Dopo una diagnosi di carcinoma polmonare non a piccole cellule in Florida, Marcus voleva un piano specialistico in tempi rapidi e a costi sostenibili. Abbiamo coordinato i test molecolari, un piano di terapia mirata e le cure al Koç University Hospital di İstanbul, restando al suo fianco per tutto il percorso.
«Dalla prima email al ritorno a casa, un coordinatore è stato con noi a ogni passo. L'assistenza è stata eccellente.»
La diagnosi
Marcus, 61 anni, vigile del fuoco in pensione della Florida, si è rivolto al medico per una tosse che non passava. Una TC e una biopsia hanno confermato un carcinoma polmonare non a piccole cellule in stadio III. Le opzioni locali erano buone, ma la quota a suo carico dopo l'assicurazione era insostenibile, e i tempi di attesa per le visite specialistiche si allungavano di settimane.
«Ho passato trent'anni a correre verso le emergenze», dice Marcus. «Ma stavolta non sapevo da che parte correre.»
Una strada più rapida verso un piano di cura
Marcus ci ha contattato e ha caricato esami di imaging e referto istologico. La nostra coordinatrice ha segnalato che il tumore non era ancora stato profilato molecolarmente in modo completo, un passaggio che può aprire la strada alla terapia mirata. All'interno della nostra rete sono stati organizzati i test completi sui biomarcatori e uno specialista in oncologia toracica ha esaminato il caso.

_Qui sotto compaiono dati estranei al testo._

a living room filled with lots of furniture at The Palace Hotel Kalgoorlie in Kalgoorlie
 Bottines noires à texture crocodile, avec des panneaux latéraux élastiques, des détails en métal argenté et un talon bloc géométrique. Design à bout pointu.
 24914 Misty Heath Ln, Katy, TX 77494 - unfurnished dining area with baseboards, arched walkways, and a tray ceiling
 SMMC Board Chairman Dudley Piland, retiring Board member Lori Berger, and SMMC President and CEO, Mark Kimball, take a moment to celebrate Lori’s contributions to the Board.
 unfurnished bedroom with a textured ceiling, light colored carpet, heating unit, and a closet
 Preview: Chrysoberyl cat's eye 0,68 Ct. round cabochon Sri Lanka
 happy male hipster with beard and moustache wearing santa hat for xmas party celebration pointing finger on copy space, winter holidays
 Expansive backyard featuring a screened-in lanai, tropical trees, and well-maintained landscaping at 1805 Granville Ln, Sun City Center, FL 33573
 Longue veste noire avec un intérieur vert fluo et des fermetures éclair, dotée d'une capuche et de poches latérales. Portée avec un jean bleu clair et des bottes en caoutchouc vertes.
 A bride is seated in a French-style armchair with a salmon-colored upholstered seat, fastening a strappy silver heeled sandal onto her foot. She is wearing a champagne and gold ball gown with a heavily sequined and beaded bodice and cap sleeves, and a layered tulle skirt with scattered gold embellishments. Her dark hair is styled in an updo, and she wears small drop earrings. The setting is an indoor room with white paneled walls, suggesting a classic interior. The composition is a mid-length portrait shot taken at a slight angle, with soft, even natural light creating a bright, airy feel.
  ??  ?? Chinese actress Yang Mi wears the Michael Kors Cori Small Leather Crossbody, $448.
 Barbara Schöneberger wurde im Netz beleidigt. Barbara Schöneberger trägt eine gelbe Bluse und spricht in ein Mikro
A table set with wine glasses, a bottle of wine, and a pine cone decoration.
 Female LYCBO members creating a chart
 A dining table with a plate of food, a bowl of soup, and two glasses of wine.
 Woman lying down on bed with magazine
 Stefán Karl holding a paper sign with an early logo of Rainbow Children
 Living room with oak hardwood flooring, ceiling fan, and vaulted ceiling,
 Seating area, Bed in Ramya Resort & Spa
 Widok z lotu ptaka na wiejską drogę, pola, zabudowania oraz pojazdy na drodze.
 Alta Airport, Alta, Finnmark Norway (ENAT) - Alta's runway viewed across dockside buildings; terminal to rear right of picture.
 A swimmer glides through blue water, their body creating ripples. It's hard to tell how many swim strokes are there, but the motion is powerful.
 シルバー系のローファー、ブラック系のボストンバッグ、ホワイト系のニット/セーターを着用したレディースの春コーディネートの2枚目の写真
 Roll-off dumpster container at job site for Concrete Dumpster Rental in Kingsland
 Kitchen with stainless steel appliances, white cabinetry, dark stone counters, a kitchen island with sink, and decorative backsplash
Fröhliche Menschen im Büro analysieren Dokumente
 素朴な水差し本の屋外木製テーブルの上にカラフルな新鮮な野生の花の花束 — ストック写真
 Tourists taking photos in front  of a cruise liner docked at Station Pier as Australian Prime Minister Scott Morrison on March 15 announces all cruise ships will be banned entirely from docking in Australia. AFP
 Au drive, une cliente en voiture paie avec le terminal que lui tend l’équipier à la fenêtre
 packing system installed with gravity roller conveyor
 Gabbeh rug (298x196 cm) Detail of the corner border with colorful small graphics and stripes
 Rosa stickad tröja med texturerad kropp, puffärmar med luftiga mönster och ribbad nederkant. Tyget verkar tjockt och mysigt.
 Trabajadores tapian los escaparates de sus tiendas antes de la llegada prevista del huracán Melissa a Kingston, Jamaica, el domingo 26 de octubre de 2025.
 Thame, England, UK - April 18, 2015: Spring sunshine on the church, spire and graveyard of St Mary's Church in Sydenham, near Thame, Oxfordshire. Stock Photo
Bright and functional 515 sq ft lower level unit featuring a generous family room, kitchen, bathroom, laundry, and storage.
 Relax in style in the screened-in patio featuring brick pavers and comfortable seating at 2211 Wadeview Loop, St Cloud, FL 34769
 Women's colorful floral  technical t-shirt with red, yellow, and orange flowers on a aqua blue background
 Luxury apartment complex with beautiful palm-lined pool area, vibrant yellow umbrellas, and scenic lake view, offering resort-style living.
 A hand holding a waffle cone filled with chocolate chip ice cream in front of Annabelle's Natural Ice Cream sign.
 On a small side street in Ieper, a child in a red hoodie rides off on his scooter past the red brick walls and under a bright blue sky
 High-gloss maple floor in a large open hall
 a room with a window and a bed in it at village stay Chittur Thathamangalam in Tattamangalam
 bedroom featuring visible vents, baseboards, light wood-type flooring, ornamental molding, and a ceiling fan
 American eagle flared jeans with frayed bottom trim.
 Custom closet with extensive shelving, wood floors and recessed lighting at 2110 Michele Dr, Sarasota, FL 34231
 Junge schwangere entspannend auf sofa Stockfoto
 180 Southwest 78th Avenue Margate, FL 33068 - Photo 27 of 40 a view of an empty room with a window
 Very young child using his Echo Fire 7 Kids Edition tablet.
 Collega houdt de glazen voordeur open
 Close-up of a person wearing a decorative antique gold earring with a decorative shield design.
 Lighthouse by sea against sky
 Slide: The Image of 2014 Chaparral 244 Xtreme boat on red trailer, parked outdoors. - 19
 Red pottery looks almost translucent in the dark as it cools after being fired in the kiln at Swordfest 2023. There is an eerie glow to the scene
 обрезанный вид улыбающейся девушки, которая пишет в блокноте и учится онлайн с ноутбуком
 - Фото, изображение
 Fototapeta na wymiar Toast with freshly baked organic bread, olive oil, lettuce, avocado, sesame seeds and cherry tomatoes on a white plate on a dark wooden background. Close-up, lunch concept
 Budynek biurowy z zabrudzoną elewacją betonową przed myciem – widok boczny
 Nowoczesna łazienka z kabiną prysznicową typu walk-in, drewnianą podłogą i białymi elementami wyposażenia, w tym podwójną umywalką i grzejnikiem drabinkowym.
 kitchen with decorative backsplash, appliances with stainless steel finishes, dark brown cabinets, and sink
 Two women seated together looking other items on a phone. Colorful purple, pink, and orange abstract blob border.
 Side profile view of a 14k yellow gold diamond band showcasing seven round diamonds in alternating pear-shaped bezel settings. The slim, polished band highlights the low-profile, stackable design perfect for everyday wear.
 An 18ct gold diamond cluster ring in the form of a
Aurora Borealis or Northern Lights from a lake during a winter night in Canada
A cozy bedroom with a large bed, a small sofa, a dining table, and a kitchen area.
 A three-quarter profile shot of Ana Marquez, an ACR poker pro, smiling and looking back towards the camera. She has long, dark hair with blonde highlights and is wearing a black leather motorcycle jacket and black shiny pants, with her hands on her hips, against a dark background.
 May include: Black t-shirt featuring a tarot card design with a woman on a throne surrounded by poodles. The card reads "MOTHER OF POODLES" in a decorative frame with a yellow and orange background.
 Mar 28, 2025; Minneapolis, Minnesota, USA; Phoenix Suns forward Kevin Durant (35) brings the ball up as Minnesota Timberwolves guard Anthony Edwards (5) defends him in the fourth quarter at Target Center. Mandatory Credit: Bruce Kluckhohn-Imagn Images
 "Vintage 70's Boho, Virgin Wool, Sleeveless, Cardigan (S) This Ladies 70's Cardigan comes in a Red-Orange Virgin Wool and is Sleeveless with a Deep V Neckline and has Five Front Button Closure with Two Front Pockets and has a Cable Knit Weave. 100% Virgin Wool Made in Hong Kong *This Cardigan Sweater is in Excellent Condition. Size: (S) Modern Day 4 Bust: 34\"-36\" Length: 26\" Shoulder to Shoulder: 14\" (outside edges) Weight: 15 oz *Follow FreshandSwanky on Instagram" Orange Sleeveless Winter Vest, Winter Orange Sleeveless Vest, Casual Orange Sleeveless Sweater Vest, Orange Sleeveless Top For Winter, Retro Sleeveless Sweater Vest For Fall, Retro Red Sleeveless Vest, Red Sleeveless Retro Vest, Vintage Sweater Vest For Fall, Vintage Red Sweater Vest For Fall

Il piano proposto combinava chemioradioterapia e un regime sistemico moderno, erogati in un ospedale universitario: lo stesso standard di cura che avrebbe ricevuto in un grande centro statunitense, a una frazione del costo.
Le cure al Koç University Hospital
A İstanbul il percorso di Marcus è stato guidato dal Prof. Dr. Fatih Selçukbiricik, oncologo medico specializzato in tumori polmonari e solidi al Koç University Hospital, un moderno centro medico accademico. Marcus e la moglie sono stati accolti in aeroporto, sistemati in un appartamento vicino e assistiti da un interprete a ogni visita.
«Quello che mi ha colpito di più è stata la tecnologia e quanto tutto fosse organizzato», racconta. «Sembrava avanzato esattamente come a casa, e l'équipe ci ha spiegato ogni decisione in modo davvero comprensibile.»
Il ritorno a casa
Marcus è tornato in Florida con una relazione completa e gli esami di imaging che il suo pneumologo e il suo oncologo locali potevano usare per proseguire il follow-up. La coordinatrice ha organizzato i controlli a distanza e lo ha aiutato a fissare gli esami successivi in patria.
«Non mi sono mai sentito un turista lasciato davanti a un ospedale», dice. «Mi sono sentito protetto dall'inizio alla fine.»